On that critical issue the clearly better option has been offered by the House.
Proposed funding levels reported by the Mississippi Department of Education show the House plan would provide $23 million more than the Senate version. The House version would fully fund the Mississippi Adequate Education Program – the formula designed to provide enough money to achieve minimum levels of adequacy in each district.
So far, despite thousands of teachers and administrators waiting to sign contracts for the 2009-2010 academic year, the Legislature hasn’t given any indication of agreement on money for schools. It could recess again today after returning on Tuesday from a previous recess that began May 8. The budget remains the issue.
Next Wednesday, June 3, is the adjournment deadline. An agreement surely is possible.
Gov. Barbour has proposed an education budget that funds K-12 at a level approximately $45 million below the House position.

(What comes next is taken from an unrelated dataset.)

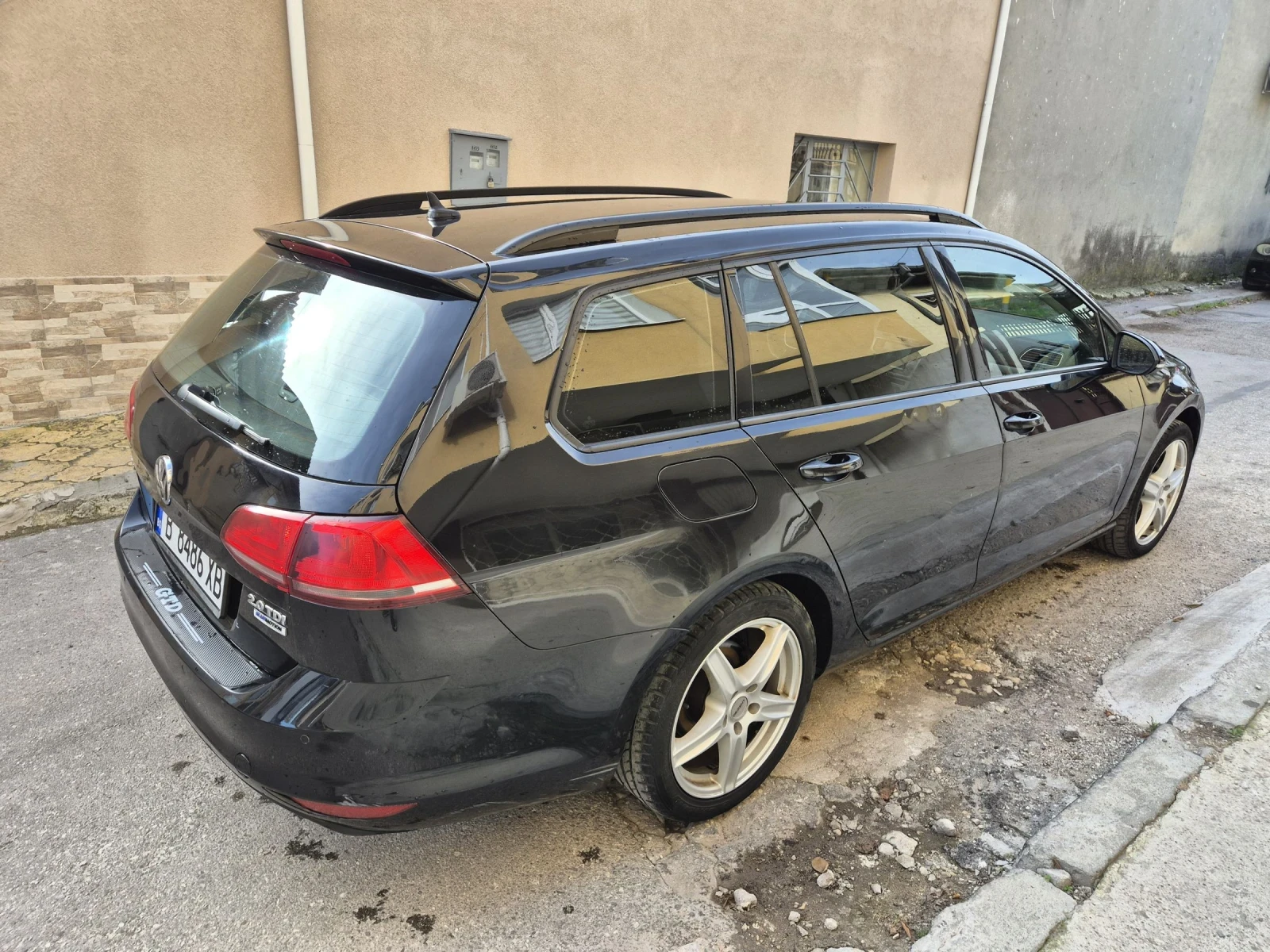 VW Golf 2.0tdi DSG - изображение 4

The House position also fully funds add-on programs like gifted-student education, vocational education, and special education, as well as National Board Certified Teacher supplements, a salary incentive for which teachers must pass rigorous training and testing.
The Senate position version funds what the advocacy group The Parents Campaign describes as the MAEP base student cost and the National Board Certified Teacher supplements, but the Senate would reduce funding for add-on programs by $11.3 million.

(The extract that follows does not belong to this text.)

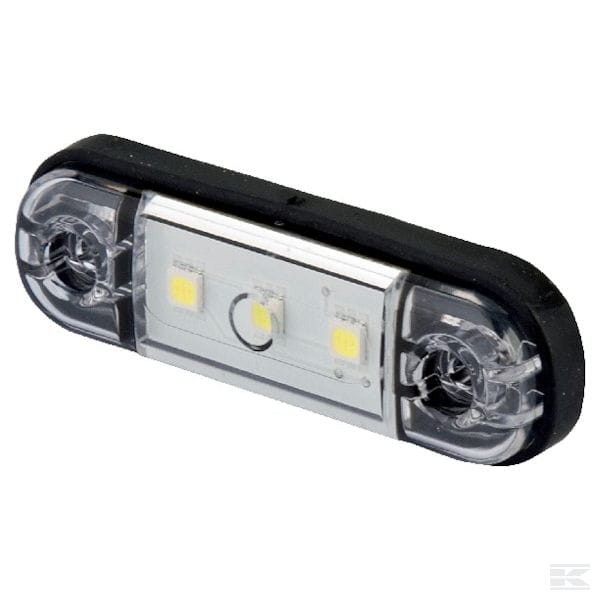 Lampa oświetlenia wnętrza LED, 723, 12 V - 24 V 1400300723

The so-called add-ons, of course, have been widely supported and are generally perceived as part of the basic education package that should be available for all students who qualify and have a need.
Funding in the Senate proposal would mean an average loss in districts of about of 1 percent of their state funding for MAEP and add-on programs. The Senate proposal for funding beyond MAEP could mean an additional .5 percent loss.
The new fiscal year starts July 1.
Teachers, students, and parents need to know what level of financial support their local districts can expect from the state in the 2010 fiscal year.
Schools, it must be remembered by those who govern in Jackson, are in summer recess but will resume in regular session in a mere two months.
If funding isn’t adequate class sizes could increase because of fewer teachers, some courses might be dropped, and some activities eliminated.
And, in some cases, local property taxes for school support might increase when districts request millage rates from counties and cities in October.